También encontramos las primeras obras accesibles, concebidas como tal desde su etapa inicial. Muy buenos ejemplos de estos años son el puente peatonal conocido como el Paseo de los Duendes (1991) en la ciudad de Monterrey, Nuevo León, al noreste del país, en el que el arquitecto Fernando González Gortázar resolvió con gran maestría los cruces para peatones y vehículos, al unir una glorieta y cuatro camellones que ya se utilizaban como pistas por los corredores. Sobre este proyecto, el arquitecto comenta:
Los andadores que se elevan poco a poco desde los camellones para convertirse en puentes que desafían con elegancia el tráfico que circunda la glorieta, respetan el acomodo natural de los árboles, creando serpientes de concreto que levemente, sin hacer pesado el andar de los paseantes, desembocan en el centro arbolado.
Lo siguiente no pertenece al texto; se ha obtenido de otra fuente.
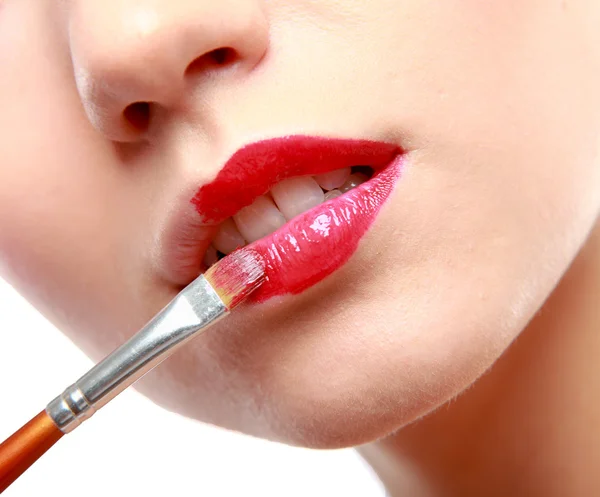Professionelles Make-up. Lipgloss. — Stockfoto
Figura 1. Puente peatonal en el que Fernando González resolvió los cruces para los peatones con rampas curvas que respetan los árboles existentes y hacen más cómodo el recorrido.
Finalmente está el caso del Papalote Museo del Niño (1993), del arquitecto Ricardo Legorreta, localizado en México D. F., el cual fue accesible desde su apertura. El recorrido es continuo desde el exterior; al interior, los pasillos son amplios y los cambios de nivel están resueltos por rampas, situación que permite el desplazamiento sin obstrucciones por toda la planta baja. Para llegar al segundo nivel se cuenta con un elevador; asimismo, todos los servicios auxiliares son accesibles. Muy interesante resulta encontrar, en el área de juegos infantiles, una pista para sillas de ruedas en la cual los niños pueden experimentar su uso en distintos pavimentos: es una experiencia que propicia la empatía, al “ponerse en el lugar del otro”.